### Requirement
What follows is a set of records; copy all of it exactly.

.....

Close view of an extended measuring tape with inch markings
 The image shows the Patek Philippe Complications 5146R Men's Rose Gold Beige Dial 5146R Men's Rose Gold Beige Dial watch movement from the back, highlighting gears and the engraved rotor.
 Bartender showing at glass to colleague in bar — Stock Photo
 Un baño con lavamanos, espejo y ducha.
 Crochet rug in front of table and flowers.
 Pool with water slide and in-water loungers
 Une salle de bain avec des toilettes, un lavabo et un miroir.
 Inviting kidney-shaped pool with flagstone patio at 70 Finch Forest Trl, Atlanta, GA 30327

.....

### Exercise solution
Close view of an extended measuring tape with inch markings
 The image shows the Patek Philippe Complications 5146R Men's Rose Gold Beige Dial 5146R Men's Rose Gold Beige Dial watch movement from the back, highlighting gears and the engraved rotor.
 Bartender showing at glass to colleague in bar — Stock Photo
 Un baño con lavamanos, espejo y ducha.
 Crochet rug in front of table and flowers.
 Pool with water slide and in-water loungers
 Une salle de bain avec des toilettes, un lavabo et un miroir.
 Inviting kidney-shaped pool with flagstone patio at 70 Finch Forest Trl, Atlanta, GA 30327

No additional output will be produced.